Third Wheel

For the most part, I don’t have a lot of complaints about my life. My job leaves me sore, but that’s pretty easy to take care of. No, most of my worries these day are about the people I care about. And there are certainly times where that can be painful. One of my closest friends is currently out of town, and doesn’t really have much in the way of means of contact. She can only call out occasionally, can’t be reached by computer, and I can’t directly call her.

I’m really worried about her, because I care for her a lot; but I don’t hear from her often. In fact, on the list of people she seems to want to contact, I seem to run pretty close to last. She calls her close friend – who, to be honest, she’s known longer than me, and who has dealt with a lot of the same problems and come out the other side. She calls her family – who, let’s face it, are her family, even if they do have a fair amount to do with her problems at their root. Me? I don’t really know where I stand.
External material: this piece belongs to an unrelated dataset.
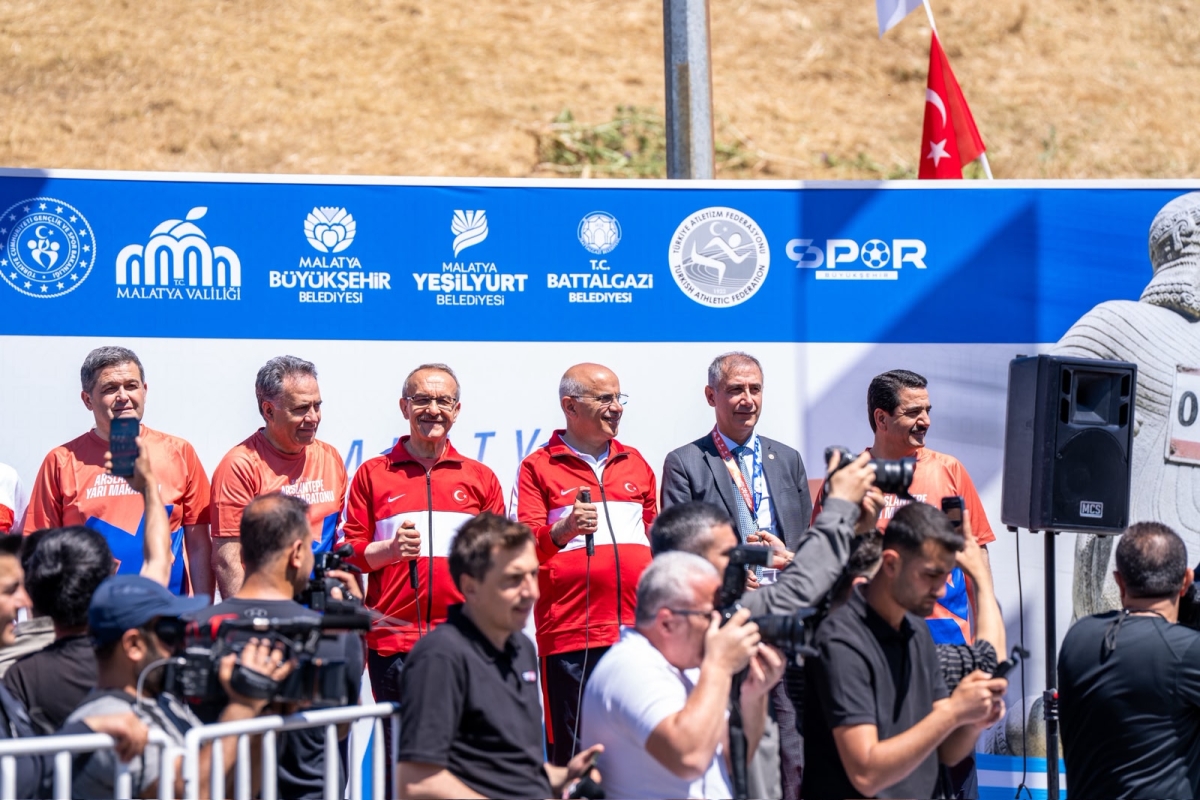 1. Malatya Arslantepe Yarı Maratonu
She says she has feelings for me, which I don’t doubt on some level. I know I have them for her. But it’s a little hard not to feel hurt when I am always the last person to hear any news, and what little I do hear is almost always second- or third-hand. I know she is dealing with her own issues, and they’re serious, and I get that. I had to deal with my own not so long ago, and I’m not sure that in her position I wouldn’t be doing the same thing.

But at the same time, it is hard not knowing. I do everything I can to contact her, and it’s just not easy to know that I’m not going to be any of the people she tries to contact first. She says she feels like a burden, but she’s never been that to me. I just want to hear her voice, to know that she feels she can contact me. I won’t abandon her, though I know she’s afraid of that. I’m not giving up, I’m just scared, and hurt, and feeling helpless. It may sound childish, and you know, it might be – I don’t have a lot of experience with these kind of things.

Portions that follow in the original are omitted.